Aspects of QCD Current Algebra on a Null Plane

TL;DR

This paper explores the implications of QCD current algebra on a null plane, deriving sum rules related to chiral symmetry and connecting them to known physical sum rules and Regge limit constraints.

Contribution

It introduces a novel formulation of QCD current algebra on a light-like hyperplane and derives sum rules directly from the algebraic structure, linking them to established physical sum rules.

Findings

Derivation of sum rules from null-plane current algebra.

Connection of sum rules to known physical sum rules like Adler-Weisberger.
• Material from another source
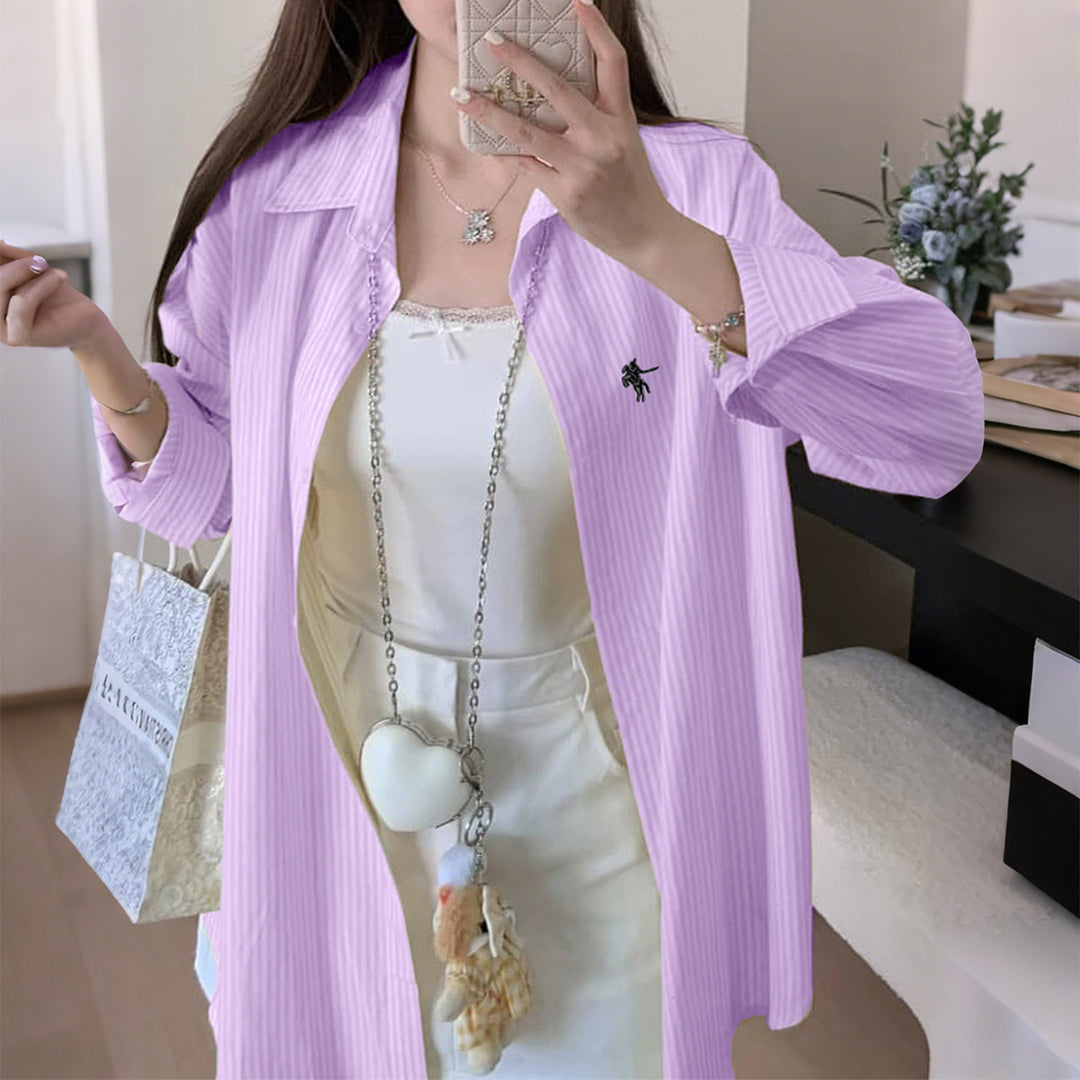 Damen oversized Hemd mit feiner Nadelstreifenstruktur, Kentkragen, abgerundetem Saum und geknöpften Manschetten – Élovi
Equivalence of sum rules to algebraic constraints on forward S-matrix elements.

Abstract

Consequences of QCD current algebra formulated on a light-like hyperplane are derived for the forward scattering of vector and axial-vector currents on an arbitrary hadronic target. It is shown that current algebra gives rise to a special class of sum rules that are direct consequences of the independent chiral symmetry that exists at every point on the two-dimensional transverse plane orthogonal to the lightlike direction. These sum rules are obtained by exploiting the closed, infinite-dimensional algebra satisfied by the transverse moments of null-plane axial-vector and vector charge distributions. In the special case of a nucleon target, this procedure leads to the Adler-Weisberger, Gerasimov-Drell-Hearn, Cabbibo-Radicatti and Fubini-Furlan-Rossetti sum rules. Matching to the dispersion-theoretic language which is usually invoked in deriving these sum rules, the moment sum rules are shown to be equivalent to algebraic constraints on forward S-matrix elements in the Regge limit.